SolarWinds, a successful network management tools
provider that few have heard of, will stop flying
under the radar May 21 at Interop when it launches
the latest release of its Engineer's Toolset and
announces the acquisition of Neon Software.
The
9-year-old company, whose flagship network management
software has an installed base of about 40,000 copies
despite its not having done any marketing, upgraded
its set of network management utilities with new
NetFlow analysis and support for SNMP V3 and Microsoft's
Windows Vista.
"We
build products by engineers, for engineers, and
sell over the Web at low price points. We have a
strong brand name amongst network engineers without
the fanfare because of word of mouth," said
Kenny Van Zant, chief product strategist for SolarWinds
Network Management Solutions, in Austin, Texas.
"I
ran into them about five years ago. At the time
I needed a little extra help to maintain the different
network nodes I had.
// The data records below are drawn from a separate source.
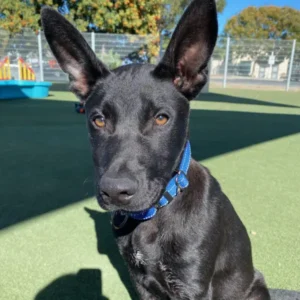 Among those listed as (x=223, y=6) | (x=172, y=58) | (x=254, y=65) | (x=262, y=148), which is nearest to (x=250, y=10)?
(x=223, y=6)

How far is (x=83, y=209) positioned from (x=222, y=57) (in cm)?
1980

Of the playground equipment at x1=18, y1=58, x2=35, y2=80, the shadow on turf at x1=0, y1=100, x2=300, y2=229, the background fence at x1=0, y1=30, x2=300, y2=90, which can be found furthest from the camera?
the background fence at x1=0, y1=30, x2=300, y2=90

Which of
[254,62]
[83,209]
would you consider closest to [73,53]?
[83,209]

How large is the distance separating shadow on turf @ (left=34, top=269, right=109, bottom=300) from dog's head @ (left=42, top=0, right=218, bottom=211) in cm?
107

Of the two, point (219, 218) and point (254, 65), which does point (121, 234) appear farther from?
point (254, 65)

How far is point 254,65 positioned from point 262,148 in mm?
17363

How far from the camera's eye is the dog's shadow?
8.48ft

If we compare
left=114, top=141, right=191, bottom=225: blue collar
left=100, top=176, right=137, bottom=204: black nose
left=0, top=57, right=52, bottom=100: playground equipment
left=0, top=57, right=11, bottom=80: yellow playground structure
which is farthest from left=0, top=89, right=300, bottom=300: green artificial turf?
left=0, top=57, right=11, bottom=80: yellow playground structure

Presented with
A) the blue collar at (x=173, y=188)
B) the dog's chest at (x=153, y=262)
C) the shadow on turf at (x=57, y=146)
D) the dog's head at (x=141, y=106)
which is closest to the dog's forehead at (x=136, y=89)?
the dog's head at (x=141, y=106)

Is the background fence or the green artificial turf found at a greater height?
the background fence

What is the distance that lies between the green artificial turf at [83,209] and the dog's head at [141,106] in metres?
1.18

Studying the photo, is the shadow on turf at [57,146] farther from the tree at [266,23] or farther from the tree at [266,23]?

Their tool set had a unique
mix of Cisco-specific and generic tools, and it
fit the bill," said longtime user Scott Andrews,
senior network engineer at Network Engineering and
Support Group in Lakewood, Wash.
The
Engineer's Toolset gathers availability and performance
data about the network using several mechanisms,
including ICMP, SNMP, DNS (Domain Name System) and
Syslog. The diagnostic data it collects is automatically
stored in a database for additional analysis.
Van
Zant described it as a "Swiss Army Knife for
the network engineer. It has 48 different utilities
that do network discovery, diagnostics, monitoring,
configuration management—everything you want
to do in real time as a network manager," he
said.
The
tool set is typically used with other monitoring
systems such as Hewlett-Packard's OpenView Network
Node Manager. "Once you spot a problem you
use the toolset to debug it in real time,"
Van Zant said.
The
new NetFlow support allows the Engineer's Toolset
to gather captured traffic flow statistics, including
bandwidth usage and consumption by protocol, application
and individual user.
"Maybe
a router interface is congested, so you can jump
in and with a couple of clicks see what's going
on in that interface. There's no need for an expensive
server to do that data collection," Van Zant
said.
To read more about Neon Software's LANsurveyor,
click
here.
"I
do lot of SNMP monitoring, but it misses the granularity
you get with NetFlow information," said Andrews,
who described SolarWinds' implementation as "pretty
good." He is beta testing the new release.
Andrews,
who said he uses the Toolset at least every other
day if not more often, was pleased to see the SNMP
V3 support and described the latest version as "a
lot more polished now."
Engineer's
Toolset 9.0 is available now for $995 plus maintenance.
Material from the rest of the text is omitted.